▸ WHAT IS EXPECTED
Copy every entry exactly as it stands, though any image it holds should stay out of the copy.

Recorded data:
---+---

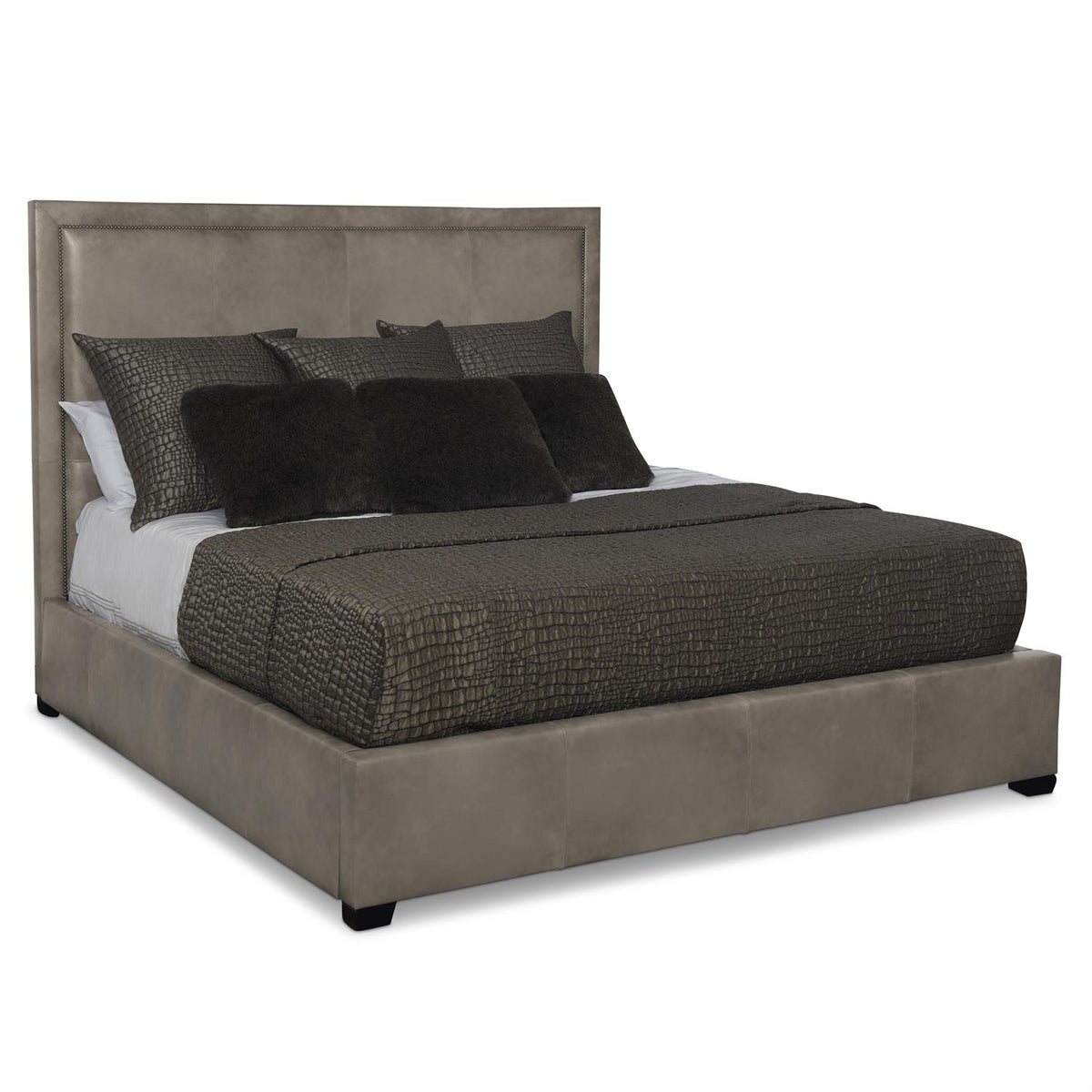 Morgan Leather Panel Bed King (54" H) by Bernhardt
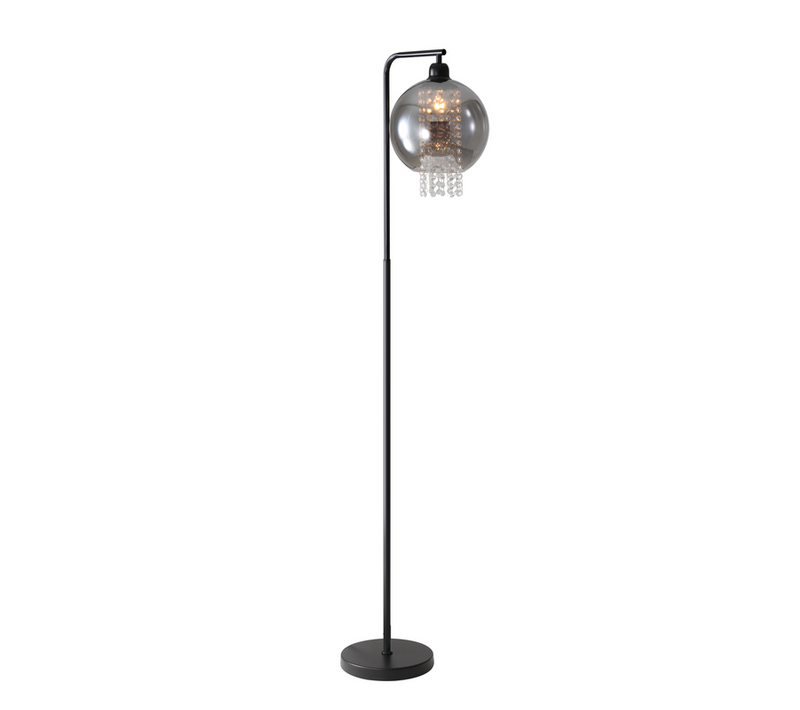 Lampadaire Intérieur 1 Flamme E27 Gris Fumé Lampadaire Grand Cristal Pour Bureau Canapé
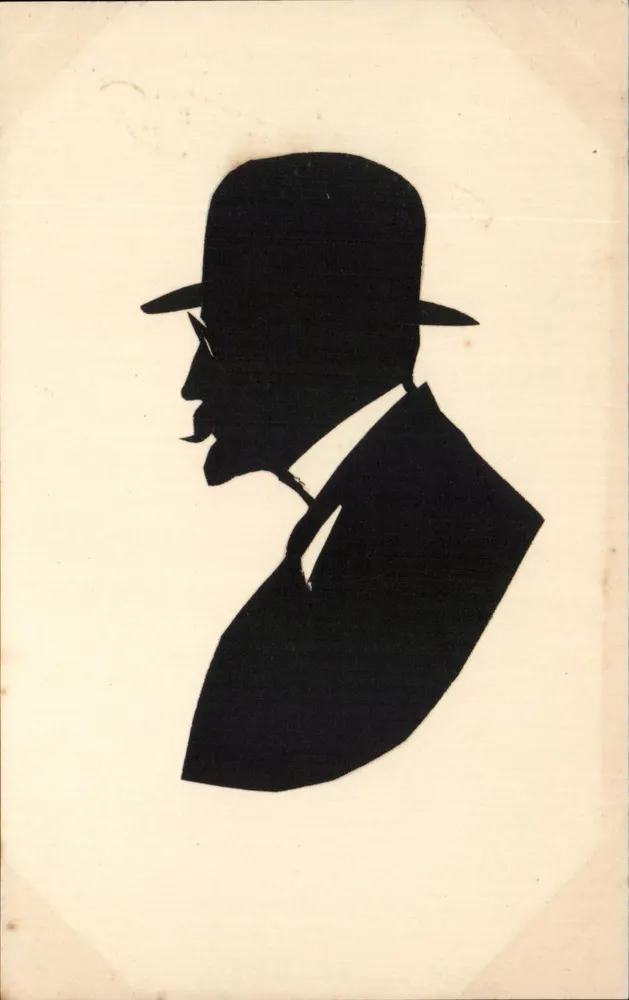 Silhouette eines Mannes in einem Anzug - Vorderseite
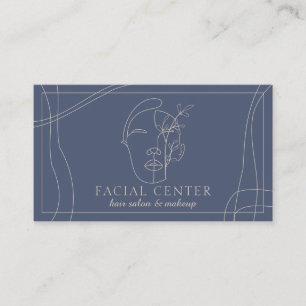 Carte De Visite Maquillage Moderne Marine Coiffeur & Styliste Vi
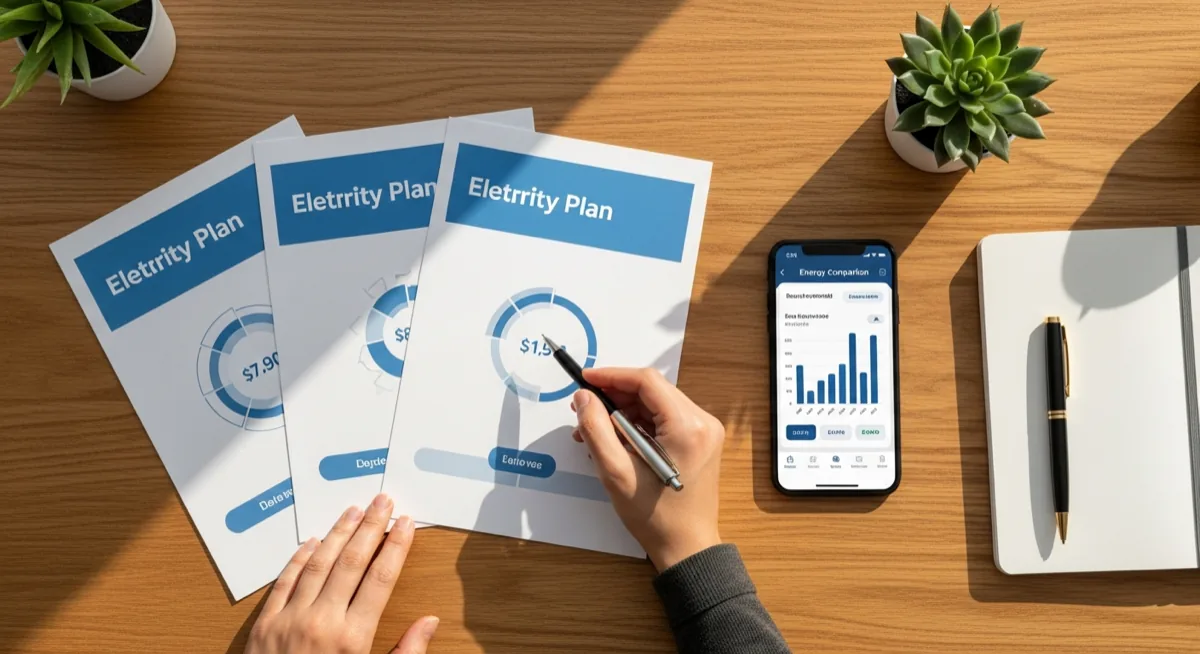 Electricity plan brochures on a desk with a hand comparing options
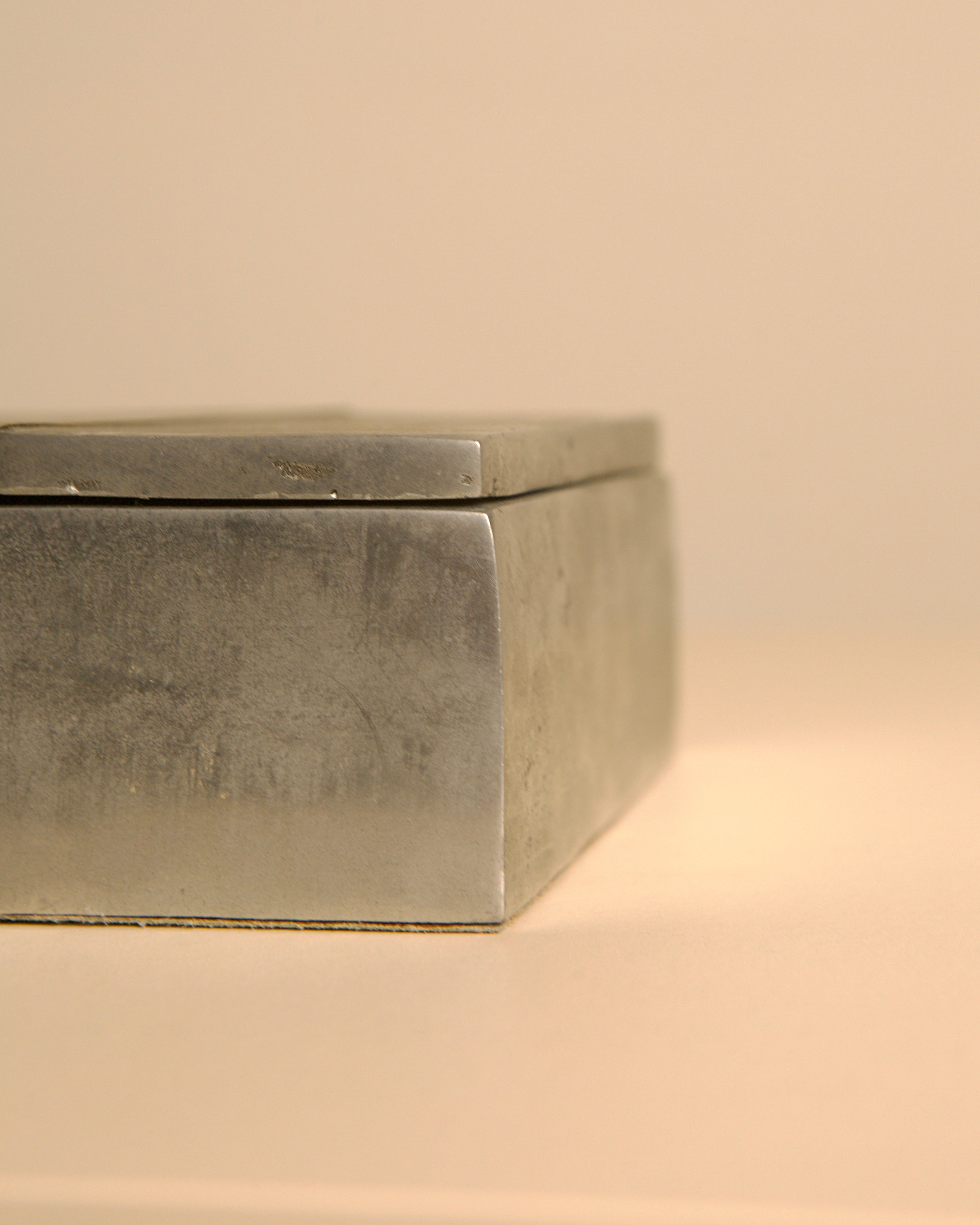 Large brutalist metal and brass box by David Marshall 70s — in context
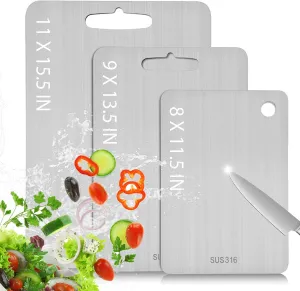Titanium Cutting Board, Steel Cutting Boards For Kitchen, Stainless Steel Cutting Board 316, Large Double Sided Medical-grade Hygiene Durable non moldy 316L Stainless Steel Chopping Board (3PC-S L XL)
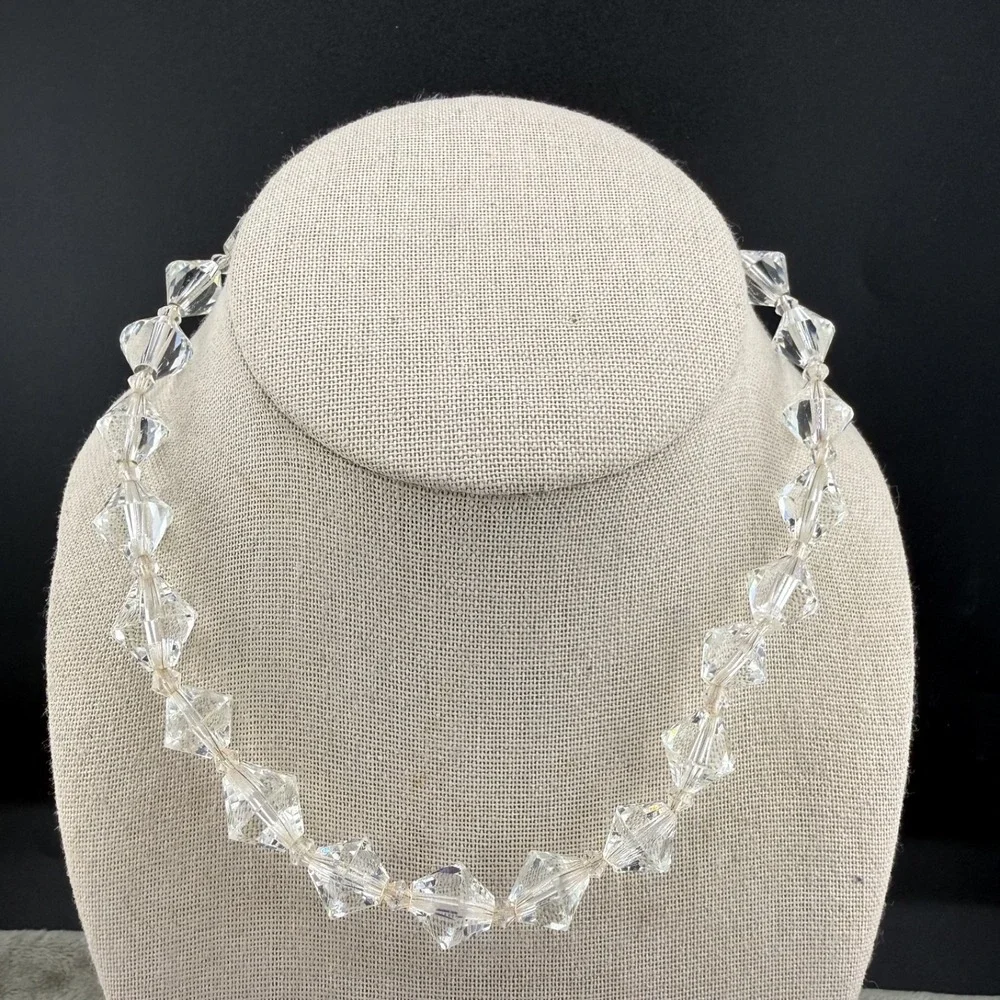 Vintage‎ Glass Beaded Necklace Clear Faceted Prom Wedding 16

---+---

▸ SOLUTION TO THIS EXERCISE
 Morgan Leather Panel Bed King (54" H) by Bernhardt
 Lampadaire Intérieur 1 Flamme E27 Gris Fumé Lampadaire Grand Cristal Pour Bureau Canapé
 Silhouette eines Mannes in einem Anzug - Vorderseite
 Carte De Visite Maquillage Moderne Marine Coiffeur & Styliste Vi
 Electricity plan brochures on a desk with a hand comparing options
 Large brutalist metal and brass box by David Marshall 70s — in context
Titanium Cutting Board, Steel Cutting Boards For Kitchen, Stainless Steel Cutting Board 316, Large Double Sided Medical-grade Hygiene Durable non moldy 316L Stainless Steel Chopping Board (3PC-S L XL)
 Vintage‎ Glass Beaded Necklace Clear Faceted Prom Wedding 16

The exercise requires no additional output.